Short descriptive text snippets
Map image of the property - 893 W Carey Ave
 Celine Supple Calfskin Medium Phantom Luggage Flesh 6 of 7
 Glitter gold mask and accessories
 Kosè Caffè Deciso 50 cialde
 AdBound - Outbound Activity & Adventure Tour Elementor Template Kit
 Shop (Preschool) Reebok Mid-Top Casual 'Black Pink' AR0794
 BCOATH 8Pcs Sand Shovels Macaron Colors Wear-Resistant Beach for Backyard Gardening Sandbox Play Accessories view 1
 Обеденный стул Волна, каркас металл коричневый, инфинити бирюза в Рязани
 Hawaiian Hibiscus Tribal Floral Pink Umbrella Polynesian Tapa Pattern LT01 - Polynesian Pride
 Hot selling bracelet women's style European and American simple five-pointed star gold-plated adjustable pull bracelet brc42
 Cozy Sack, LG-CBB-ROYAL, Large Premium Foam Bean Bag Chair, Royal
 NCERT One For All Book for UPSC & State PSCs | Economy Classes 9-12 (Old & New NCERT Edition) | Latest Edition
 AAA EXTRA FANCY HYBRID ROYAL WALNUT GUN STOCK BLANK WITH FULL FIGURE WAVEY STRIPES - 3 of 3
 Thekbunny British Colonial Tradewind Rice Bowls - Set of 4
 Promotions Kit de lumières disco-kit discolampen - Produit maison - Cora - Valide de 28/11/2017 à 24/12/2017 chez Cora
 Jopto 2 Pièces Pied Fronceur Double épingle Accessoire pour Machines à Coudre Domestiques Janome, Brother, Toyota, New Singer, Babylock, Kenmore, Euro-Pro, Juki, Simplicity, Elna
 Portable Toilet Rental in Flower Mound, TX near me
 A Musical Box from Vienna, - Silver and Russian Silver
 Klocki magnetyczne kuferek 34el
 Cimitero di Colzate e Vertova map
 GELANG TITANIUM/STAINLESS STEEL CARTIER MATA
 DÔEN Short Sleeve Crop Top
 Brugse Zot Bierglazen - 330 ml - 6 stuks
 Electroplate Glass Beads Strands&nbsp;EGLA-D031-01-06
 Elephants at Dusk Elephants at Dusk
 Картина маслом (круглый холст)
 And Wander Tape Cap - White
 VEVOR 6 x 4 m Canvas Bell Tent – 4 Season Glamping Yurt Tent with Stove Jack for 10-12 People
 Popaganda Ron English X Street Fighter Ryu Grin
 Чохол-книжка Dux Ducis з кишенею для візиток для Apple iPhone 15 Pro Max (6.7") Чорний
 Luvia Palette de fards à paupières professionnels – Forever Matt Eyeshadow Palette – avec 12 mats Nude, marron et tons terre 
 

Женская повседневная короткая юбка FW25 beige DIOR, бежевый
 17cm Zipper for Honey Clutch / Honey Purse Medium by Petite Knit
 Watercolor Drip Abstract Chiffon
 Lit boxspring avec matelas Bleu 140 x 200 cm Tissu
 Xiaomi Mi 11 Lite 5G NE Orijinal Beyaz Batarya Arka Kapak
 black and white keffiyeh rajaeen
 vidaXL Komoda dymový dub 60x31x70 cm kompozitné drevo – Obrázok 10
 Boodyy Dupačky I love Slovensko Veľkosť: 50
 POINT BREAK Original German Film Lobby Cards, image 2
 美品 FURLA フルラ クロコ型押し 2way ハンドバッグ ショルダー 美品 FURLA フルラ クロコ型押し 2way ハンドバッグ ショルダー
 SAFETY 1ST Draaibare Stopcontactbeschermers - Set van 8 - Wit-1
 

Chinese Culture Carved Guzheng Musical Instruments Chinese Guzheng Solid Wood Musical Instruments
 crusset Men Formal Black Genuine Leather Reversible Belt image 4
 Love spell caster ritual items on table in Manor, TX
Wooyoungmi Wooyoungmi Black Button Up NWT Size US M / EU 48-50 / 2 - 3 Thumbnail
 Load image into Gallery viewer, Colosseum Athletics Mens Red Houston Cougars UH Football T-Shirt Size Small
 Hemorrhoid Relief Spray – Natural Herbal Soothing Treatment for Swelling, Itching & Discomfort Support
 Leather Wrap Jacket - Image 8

ACTIVITY = Out of the data above, give again only the lines starting at the one holding "Brugse Zot Bierglazen - 330 ml - 6 stuks" and ending at the one holding "Popaganda Ron English", unchanged.

ANSWER SECTION =
 Brugse Zot Bierglazen - 330 ml - 6 stuks
 Electroplate Glass Beads Strands&nbsp;EGLA-D031-01-06
 Elephants at Dusk Elephants at Dusk
 Картина маслом (круглый холст)
 And Wander Tape Cap - White
 VEVOR 6 x 4 m Canvas Bell Tent – 4 Season Glamping Yurt Tent with Stove Jack for 10-12 People
 Popaganda Ron English X Street Fighter Ryu Grin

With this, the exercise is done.